Hohlbein, Wolfgang: Infinity - Der Turm
Infinity Der Turm
Von Wolfgang Hohlbein
Von Wolfgang Hohlbein
Endlich habe ich den Roman vollendet, den ich schon immer schreiben wollte.
Mit diesen Worten wird Wolfgang Hohlbein auf der Innenseite des Schutzumschlags zitiert. Eine interessante, aber auch ein wenig verwirrende Aussage. Einerseits merkt man dem Buch stark an, dass es der Gedankenwelt des deutschen Bestsellerautors entsprungen ist. Hohlbeinkenner werden viele der abgehandelten Motive und auftauchenden Figuren wiedererkennen, sind sie doch in ähnlicher Gestalt bereits in vielen früheren Werken des Autors insbesondere »Enwor« und »Der Thron der Libelle«, aber auch »Das Herz des Waldes« und »Die Saga von Garth und Torian« aufgetaucht. Dass all diese Motive nun in einem einzigen Werk gebündelt werden, macht die Aussage Hohlbeins durchaus nachvollziehbar.(Um gewisse Bedenken gleich von Beginn an zu zerstreuen: Dass Hohlbein auf geläufige Motive zurückgreift, meint nicht, dass er schlicht und ergreifend Altbekanntes aufwärmt. Er nutzt zwar vertraute, ihm genehme Anhaltspunkte, stellt diese jedoch in veränderte Kontexte und bietet dem Leser so eine angenehme Mischung aus Wiedererkennen und der Freude am Erleben von etwas Neuem, Unbekannten.)
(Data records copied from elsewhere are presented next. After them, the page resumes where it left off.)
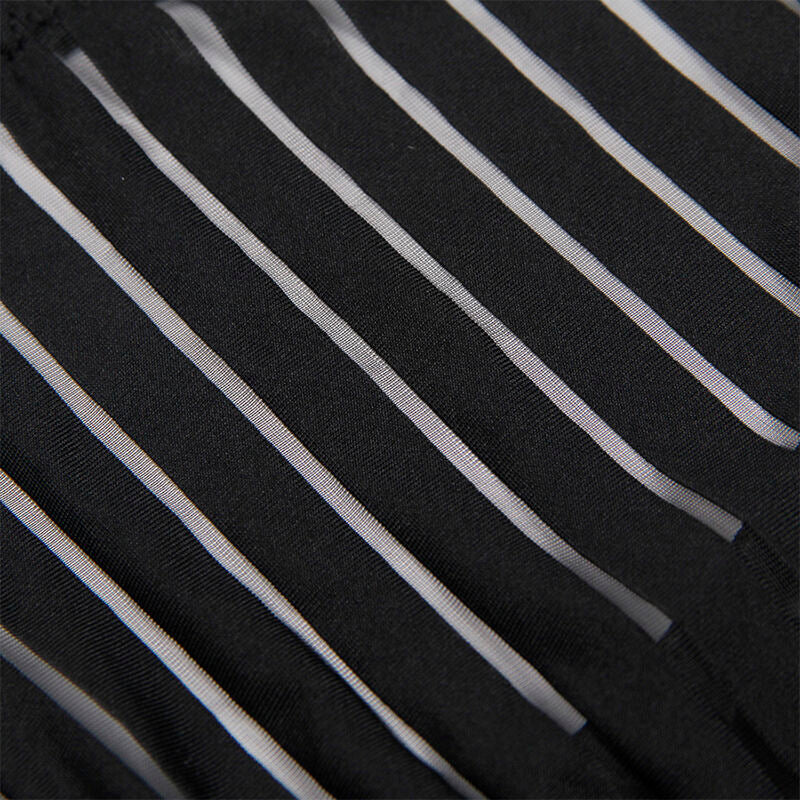 Gros plan sur la maille a rayures velours noires semi-transparentes du body Subblime, texture tissu mettant en valeur le motif graphique.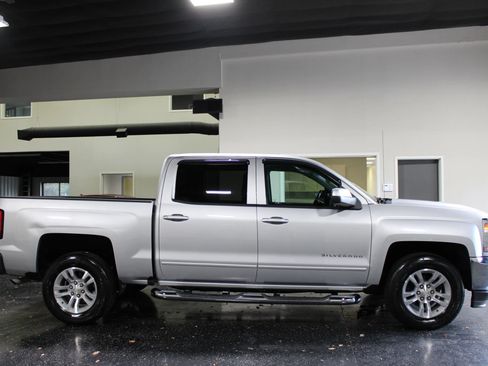 Used 2017 Chevrolet Silverado 1500 LT w/ All Star Edition RWD image 2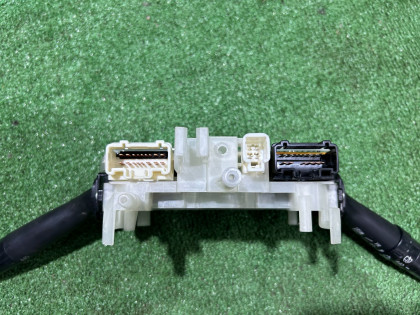 สวิตช์ก้านคอพวงมาลัย SUBARU FORESTER OEM 83111SA090 SG5 2007 EJ205 AT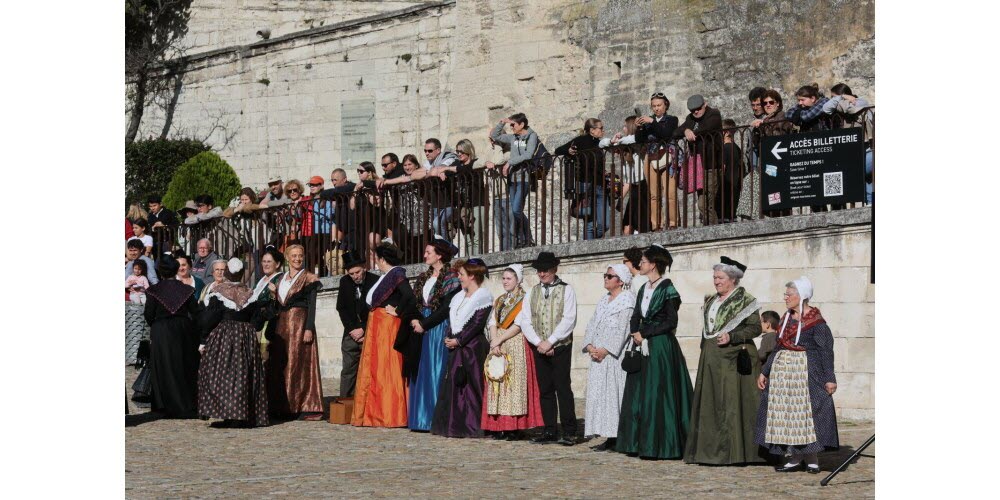 le-ruban-de-provence-a-celebre-son-centenaire-en-investissant-notamment-la-place-du-palais-des-papes-photo-le-dl-cyril-hiely-1710612947.jpg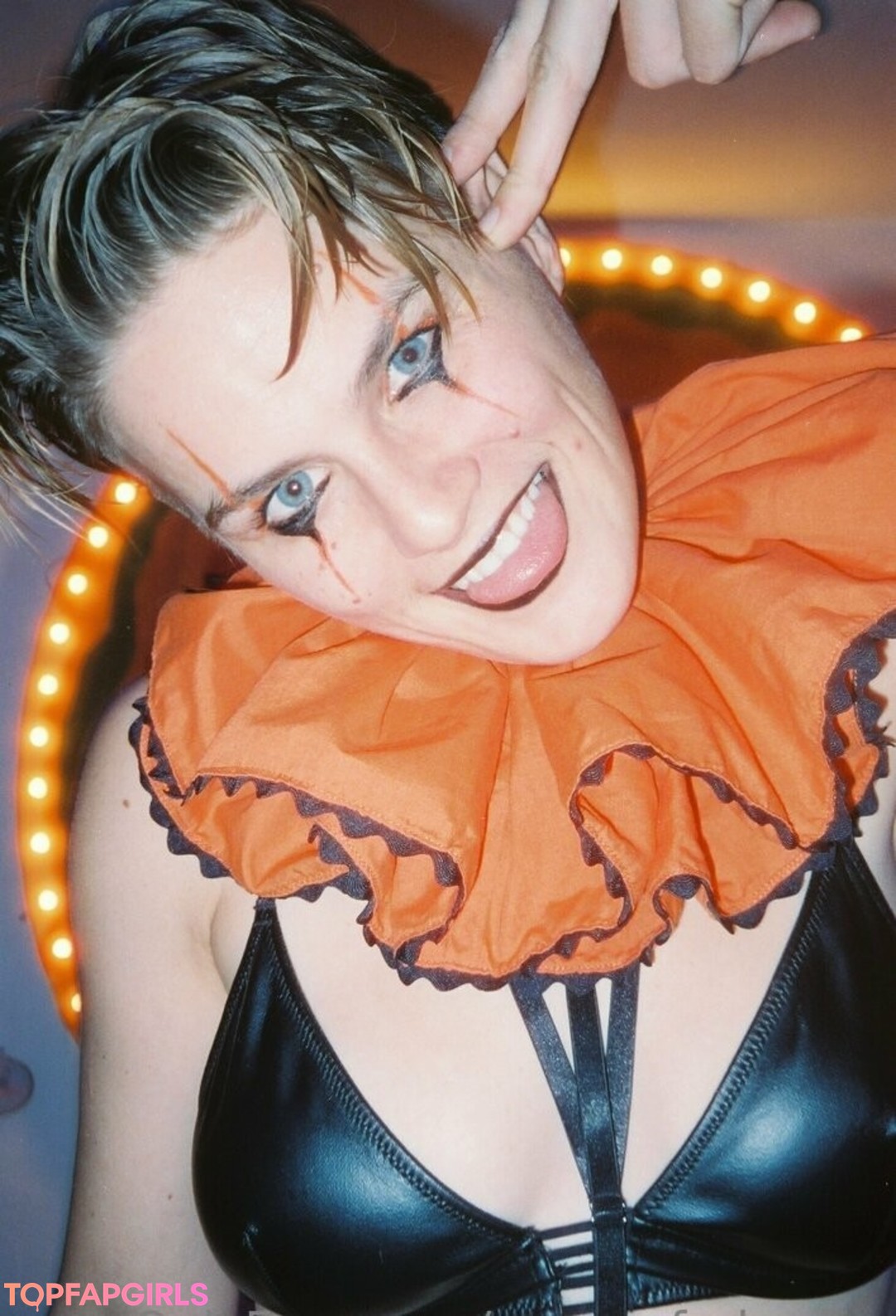 Foto desnuda filtrada de OnlyFans de Wormsforbrains #126 Foto desnuda filtrada de OnlyFans de Wormsforbrains #126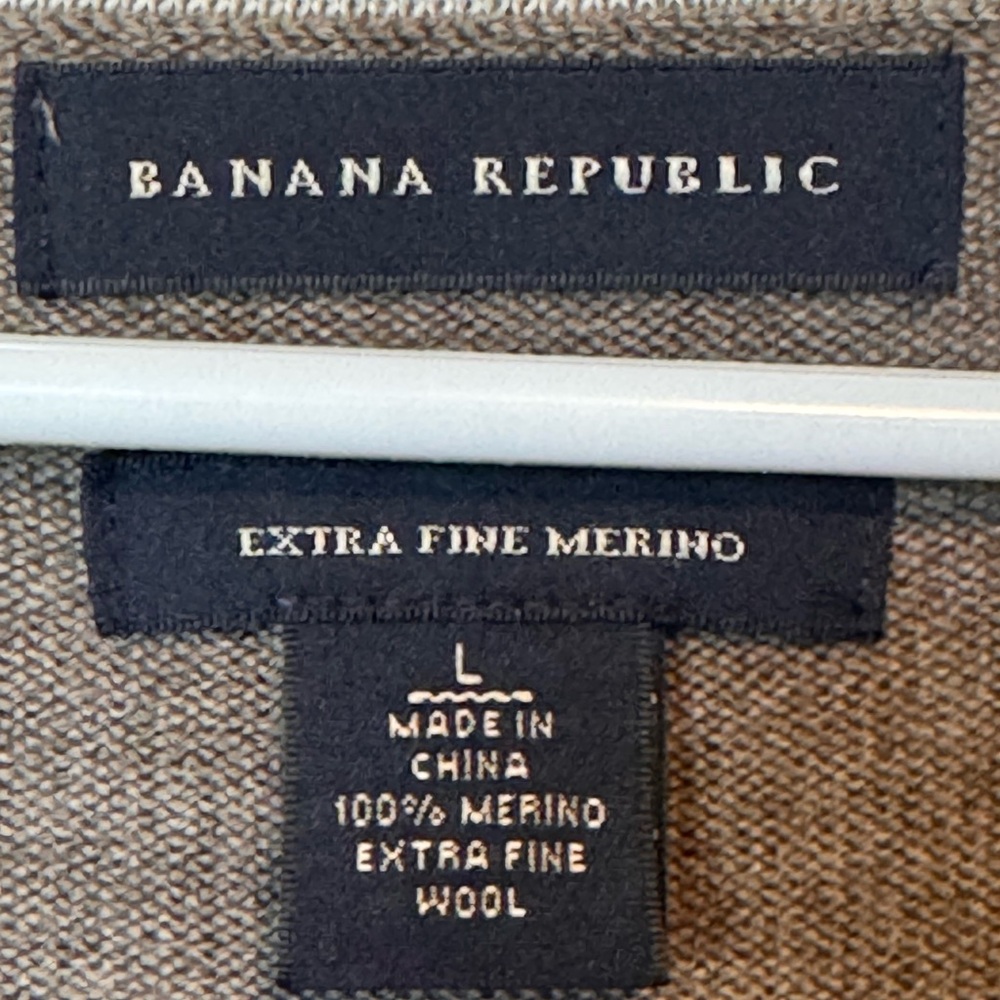 Banana Republic Mens V-Neck Argyle Sweater Extra Fine Merino Wool Size Large - Picture 3 of 13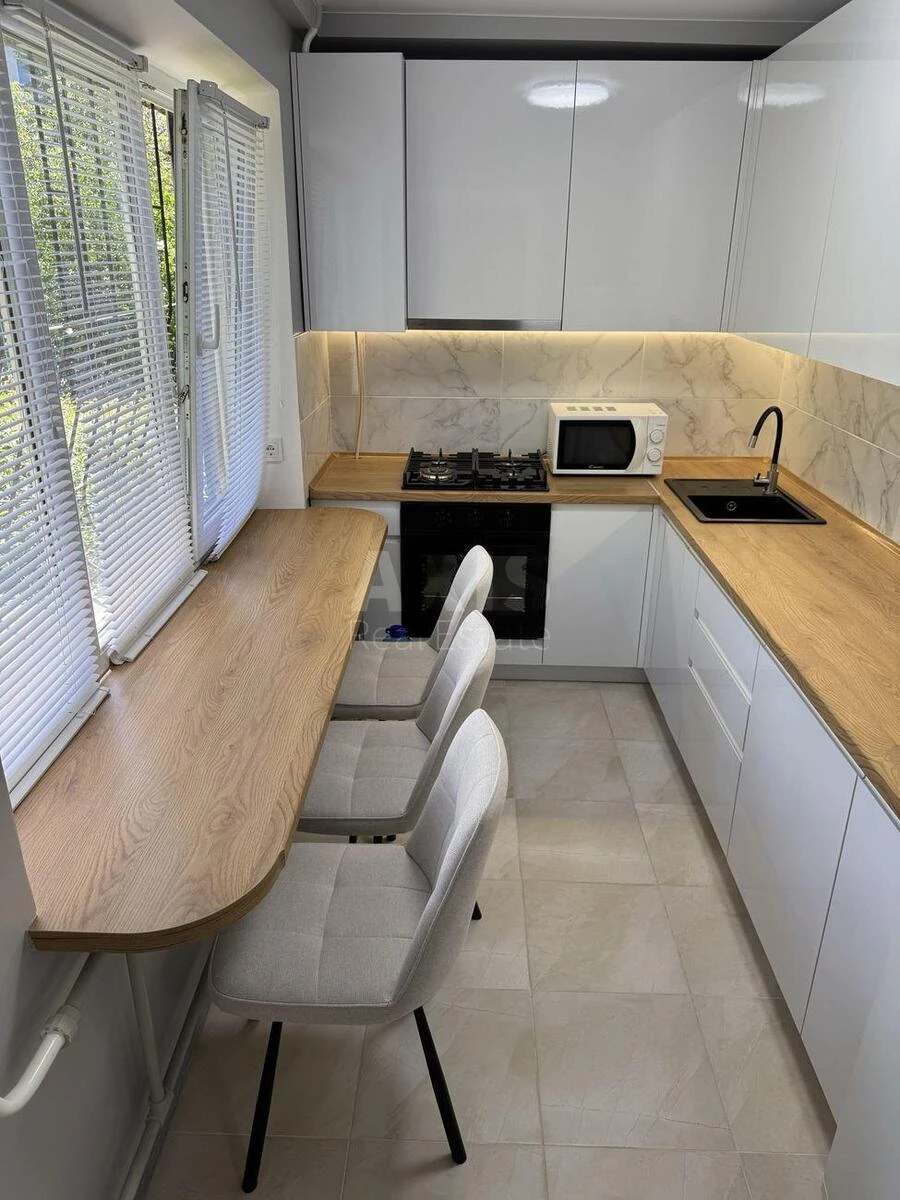 3k apartment vul. Parkovo-Syrec'ka 1070657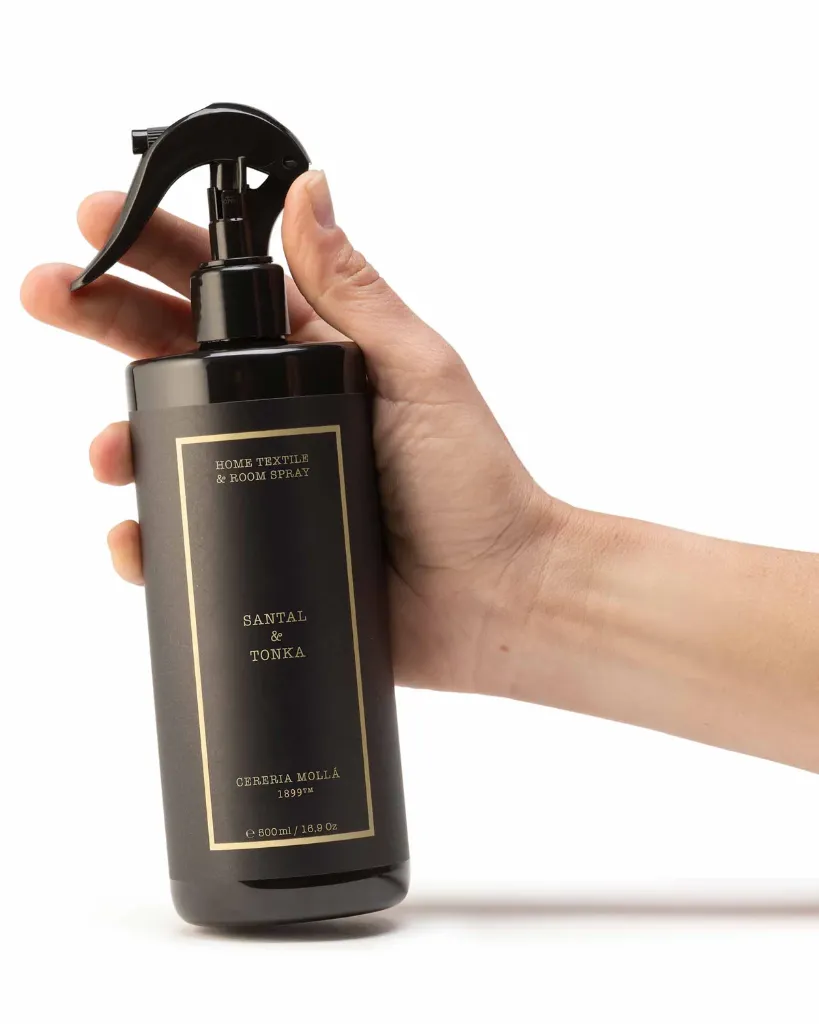 usos-spray-textil-santal-tonka.webp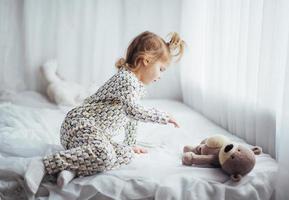 barn i pyjamas foto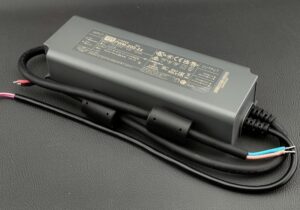 PWM-200-24 FUENTE DE PODER 24V@8.3 Amp 4 6700155 1761234347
Andererseits: Wenn »Der Turm« das Buch ist, das der Autor schon immer schreiben wollte wieso hat er seine übrigen Bücher dann bisher so vollkommen anders verfasst??? Denn obwohl »Der Turm« in einer Vielzahl von Aspekten (etwa bzgl. des ausgesprochen langsamen Erzähltempos) den sonstigen Romanen Hohlbeins gleicht (bis hin zum schon angesprochenen Entlehnen von Figuren), so unterscheidet er sich dennoch phänomenal von allem, was bislang unter dem Namen Wolfgang Hohlbein erschienen ist.
Etwa hinsichtlich der Charakterisierung der Protagonisten. Wo Hohlbein in den letzten Jahren insbesondere bei Frauencharakteren auf sehr eintönige Stereotype zurückgegriffen hat, gibt er sich diesmal weitaus innovativer und wartet mit einem ausdifferenzierten Figurenensemble voll vielschichtiger, unterschiedlicher Personen auf.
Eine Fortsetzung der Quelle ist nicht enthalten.